- Education: Kyoto University
- Known for: Natural Language Processing; Computational Linguistics;
- Awards: Takahashi Incentive Award Motooka Commemorative Award ASTEM Software Award
- Scientific career
- Fields: Information science
- Workplaces: Imperial College of Science and Technology Nara Institute of Science and Technology
- Doctoral advisor: Makoto Nagao
- Website: cl.naist.jp/staff/matsu/home-e.html

= Yuji Matsumoto =

Yuji Matsumoto (松本 裕治, Matsumoto Yūji) is a Japanese and American professor of information science who works at the Nara Institute of Science and Technology and also specializes in artificial intelligence and computational linguistics.
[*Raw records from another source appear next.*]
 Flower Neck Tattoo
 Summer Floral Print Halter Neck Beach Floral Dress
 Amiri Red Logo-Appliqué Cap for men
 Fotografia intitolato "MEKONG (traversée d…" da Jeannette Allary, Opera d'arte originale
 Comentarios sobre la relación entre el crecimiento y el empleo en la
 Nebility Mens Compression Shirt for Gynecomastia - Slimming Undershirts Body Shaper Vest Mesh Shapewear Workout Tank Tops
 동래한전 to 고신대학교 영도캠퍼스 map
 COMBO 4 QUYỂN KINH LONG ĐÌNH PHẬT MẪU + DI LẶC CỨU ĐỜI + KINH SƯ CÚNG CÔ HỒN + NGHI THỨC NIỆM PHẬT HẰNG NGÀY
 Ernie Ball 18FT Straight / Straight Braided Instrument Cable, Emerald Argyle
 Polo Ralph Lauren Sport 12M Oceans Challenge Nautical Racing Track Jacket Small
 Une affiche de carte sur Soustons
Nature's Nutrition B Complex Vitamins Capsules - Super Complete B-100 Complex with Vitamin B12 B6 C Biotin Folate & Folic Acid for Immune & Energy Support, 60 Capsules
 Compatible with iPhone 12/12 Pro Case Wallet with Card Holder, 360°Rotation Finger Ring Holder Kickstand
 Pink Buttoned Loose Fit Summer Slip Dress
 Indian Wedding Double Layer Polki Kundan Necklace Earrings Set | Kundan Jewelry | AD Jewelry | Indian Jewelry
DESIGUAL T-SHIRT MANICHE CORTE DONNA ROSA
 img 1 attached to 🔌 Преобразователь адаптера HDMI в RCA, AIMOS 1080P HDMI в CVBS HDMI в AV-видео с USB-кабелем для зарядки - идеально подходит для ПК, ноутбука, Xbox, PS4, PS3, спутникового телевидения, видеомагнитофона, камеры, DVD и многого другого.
He has almost 450 peer-reviewed articles with the highest ranked one being Applying conditional random fields to Japanese morphological analysis, which was cited over 1100 times.

==Biography==
In 1979 he got bachelor's degree in information science at Kyoto University and received master's at the same place two year later which ended with Ph.D. by 1990. From 1984 to 1985 he became a visiting professor at the Imperial College of Science and Technology department of the University of London. From 1985 to 1987 he was Deputy Chief at the Institute of New Generation Computer Technology and from 1988 to 1989 he served as an associated professor at the Data Processing Center, a division of Kyoto University. Next year, he, under the same position and at the same place, worked at the Department of Electrical Engineering and when it was over by 1993, he became professor at the Nara Institute of Science and Technology.

==Awards==
In 1988 he became Takahashi Incentive Award recipient and in 1989 was awarded with Motooka Commemorative Award. In 1994 he received ASTEM Software Award and three years later became a recipient of Best Paper Award from the Information Processing Society of Japan, following by the Best Author Award from the same place in 2000 and an acceptance of fellowship in 2006. From 2002 to 2004 he was annually awarded for the best presentation by the Association for Natural Language Processing and in 2005 was awarded Best Paper Award from the Japanese Society of Artificial Intelligence and received the same one next year from the DEWS while two year later JSAI awarded him with the Achievement Award. In 2011, he was named a fellow of the Association for Computational Linguistics.